Prima indicazione: mangiare con i peccatori e relazionarsi con loro fa letto nel sentirsi per primi peccatori e che il Signore Gesù vuole relazionarsi con noi. La smania e mania di considerare sempre gli altri peccatori di qualcosa fatto e che faranno, si annida quotidianamente nel cuore umano. La scelta di Gesù di sedersi con i peccatori è una chiara indicazione che a quella mensa non possiamo mancare e non si può delegare nessuno. Non solo: la voglia di vedere o mettere a sedere qualcun altro in quella tavola è di natura maligna. Coloro che sono in piedi e lo ascoltano dovrebbero essere i primi commensali al tavolo di Gesù chiedendo quel cibo e quella bevanda che li nutra nel profondo. Ma se si sceglie di stare in piedi e puntare il dito si avrà sempre lo stomaco vuoto e la rabbia nel cuore.

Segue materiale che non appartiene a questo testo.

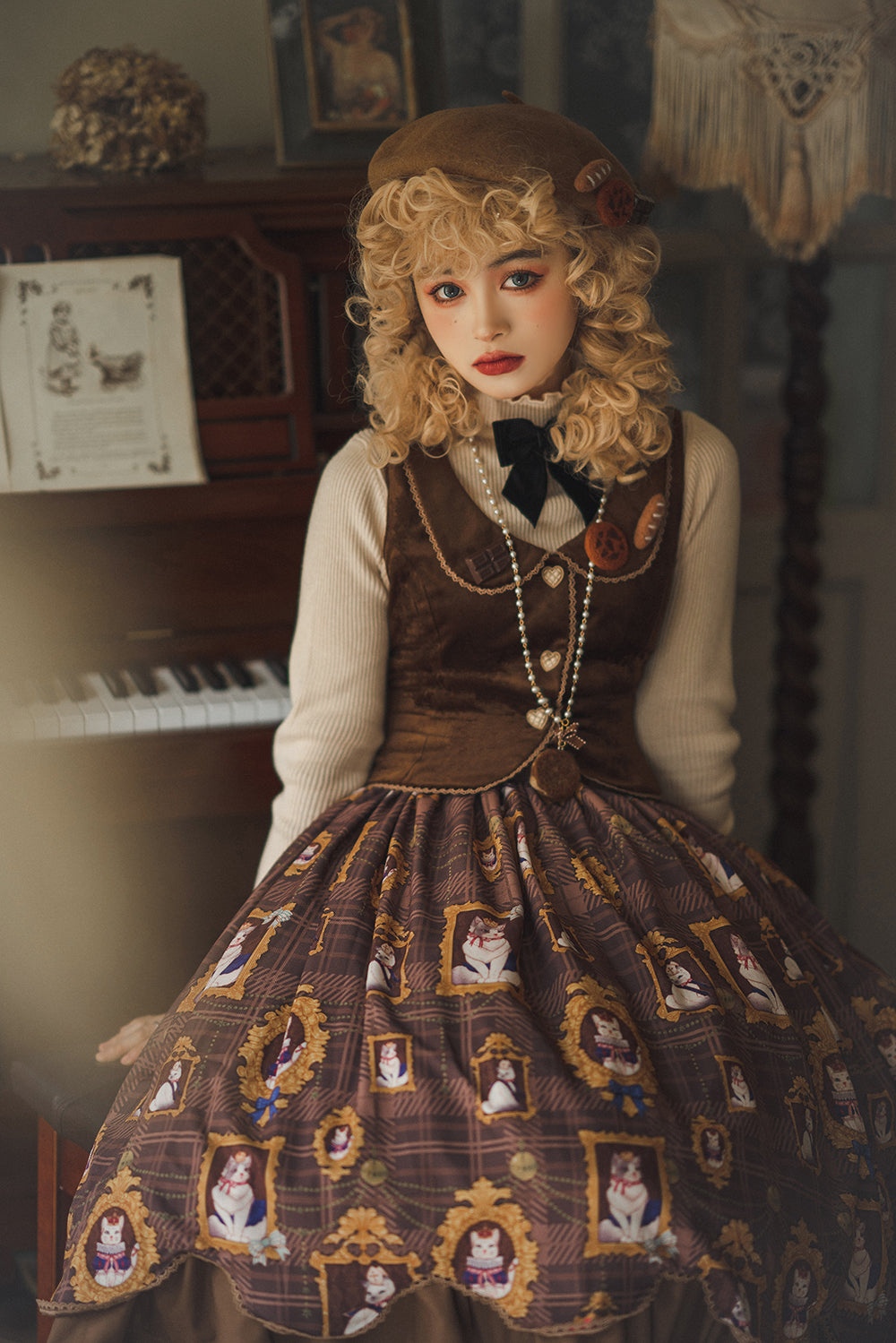 Miss Point~Christmas Preppy Style Velvet Lolita SK Vest Set   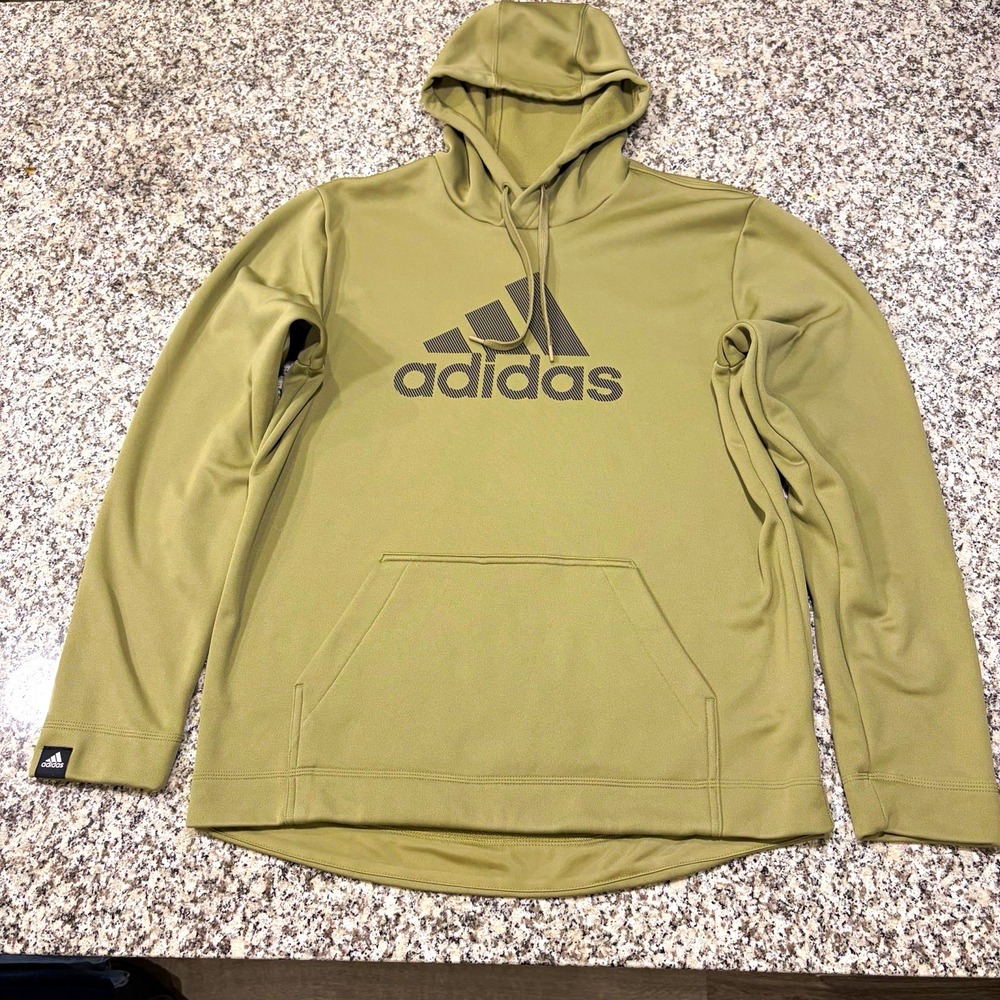 Adidas Mens Aeroready Hoodie Olive Green Pullover Sweatshirt Size Medium M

Seconda indicazione: sentirsi nel bisogno quando non si ha più nulla, non va visto come una rivincita e vendetta del padre verso il figlio (quasi se dicesse: "Prima o poi dovrai tornare!" con tono poco paterno e benevolo). Avere bisogno è la salvezza per e dell'uomo. Perché è chiedendo che ci si salva, è nel tendere la mano che si aprono i propri occhi e lasciano cadere le cataratte dell'autosufficienza. Ma non basta avere bisogno, perché è importante sapere di che cosa e di chi. Le pennellate magistrali dell'evangelista Luca non sono buttate a caso ma poste con precisione e pregnanza di significato. Quel pane di cui si ha fame e quella casa in cui si anela abitare non sono mai lontano da noi stessi. Nella lontana si scopre la vicinanza; nel vivere la fede in un fai-da-te fuori dalla Chiesa si ha fame e desiderio di relazioni vive e autentiche. È un profondo e sincero esame di coscienza che il figlio giovane vive lontano da casa. È una coscienza che vuole ritrovarsi e disgelarsi dal quel freddo rapporto che si era instaurato con il Padre.

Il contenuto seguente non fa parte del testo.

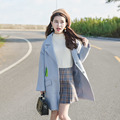 Mori Girl 2016 Autumn Women Woolen Long Coat Cute Small House Embroidery Loose Turn down Collar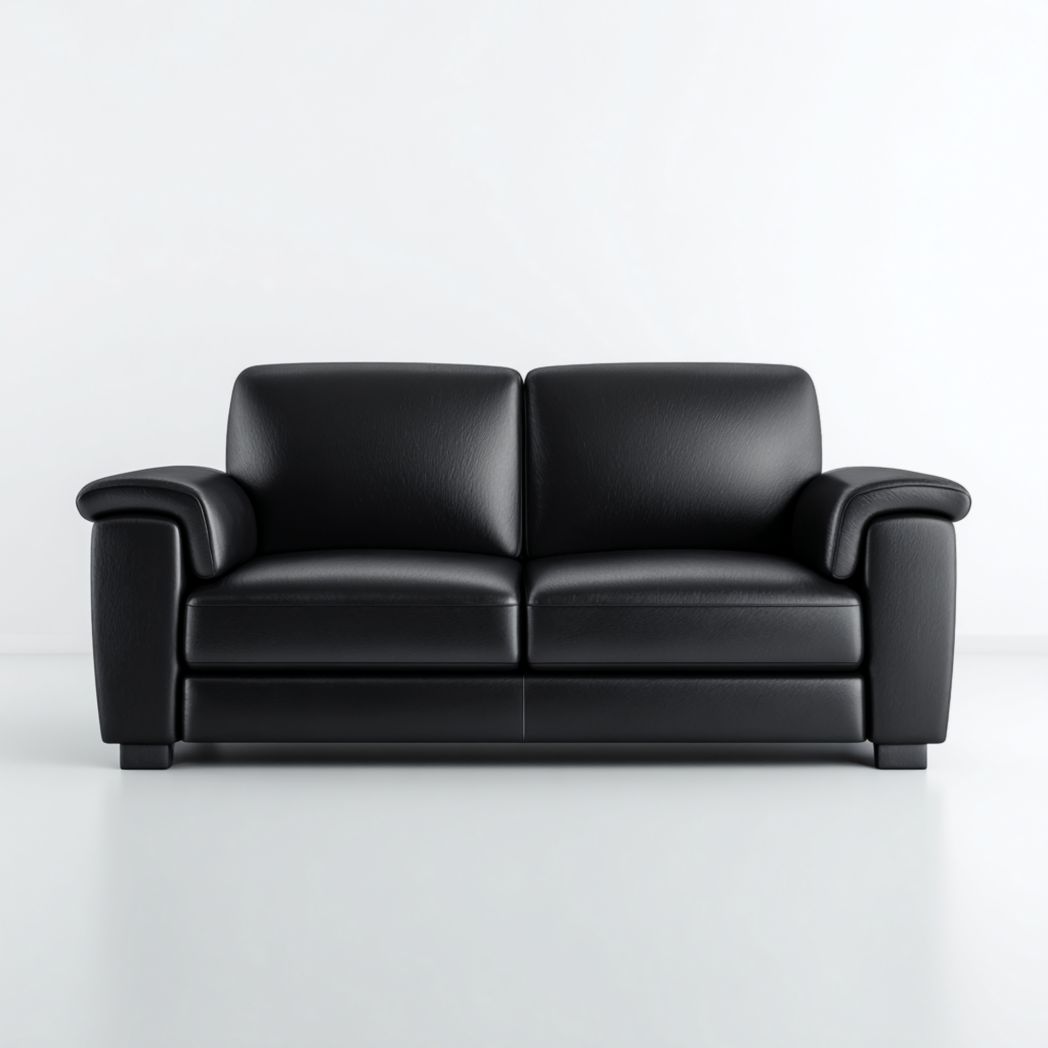 Causeuse en cuir synthétique noir avec pieds en bois noir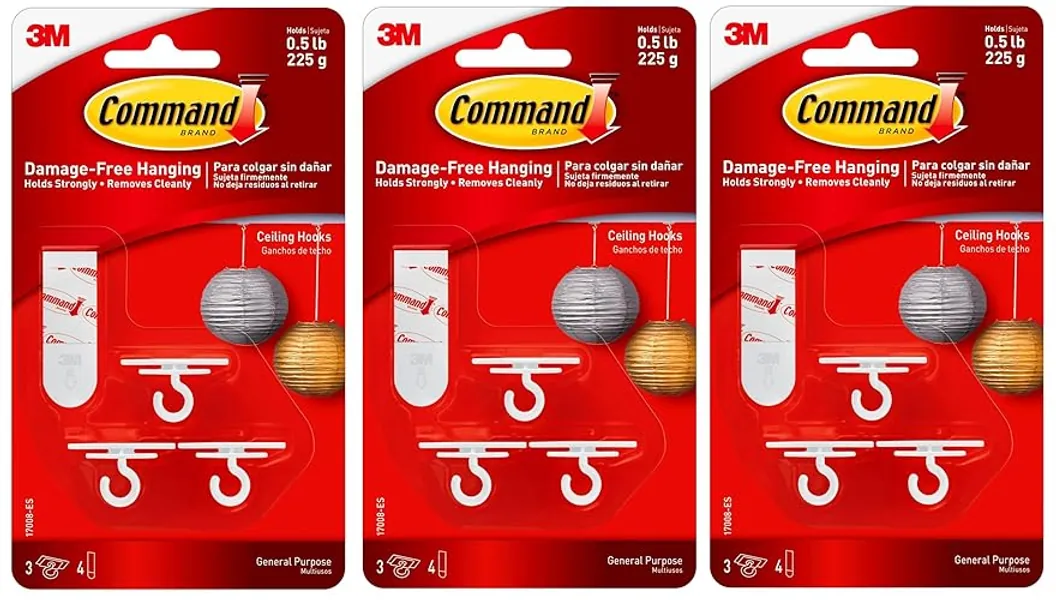 Command 17008-ES Ceiling 9 Hooks, 12 Foam Strips per, White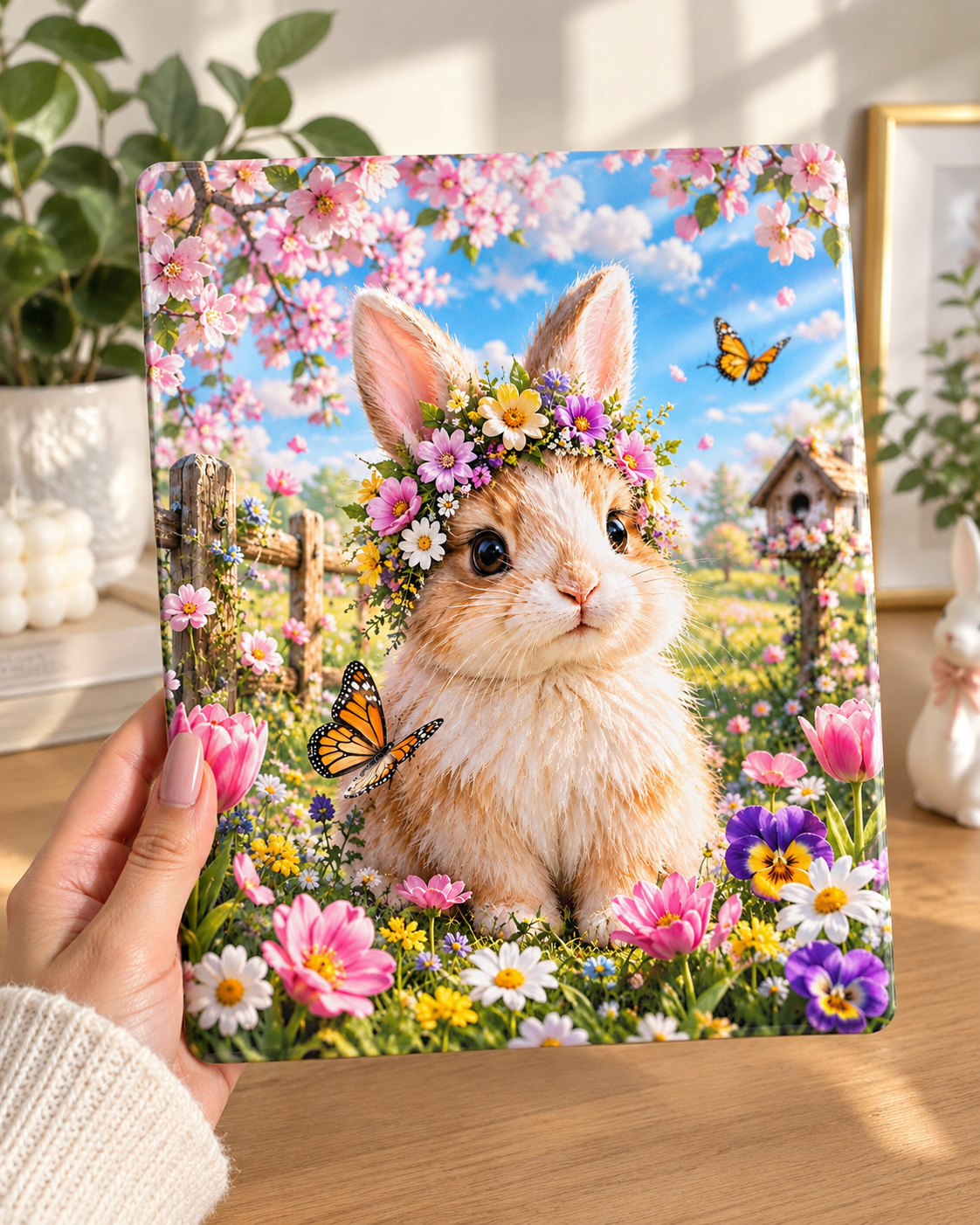 The Four Seasons Bunny Premium Metal Art Poster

Terza indicazione: "Ma dopo tutto quello che ho commesso chissà se Dio mi vuole ancora bene? Penso di averla commesso troppo grossa!". Non c'è nulla che non può essere perdonato da Dio, semmai è l'uomo che fatica a perdonarsi e amarsi. Nelle situazioni e nei momenti della vita in sui si è tentati di dare una risposta negativa alla domanda sopra posta, gettiamo nel cuore quella forte parole: "Mi leverò e andrò", pari a una pietra che rompe la cappa che impedisce di respirare. Pretendere di vivere senza levarsi e muoversi è illusorio. Si ritorna a vivere quando si da quello scatto di reni che spezza la rete del proprio senso di colpa e della condanna immediata. Ci sono delle braccia che ancora non hanno abbracciato, una bocca che non ha baciato, degli occhi che non vedono, dei piedi che attendono di correre. Sappi che tutto ciò attende te. Oggi, ora. E quella festa, allora, non finirà mai.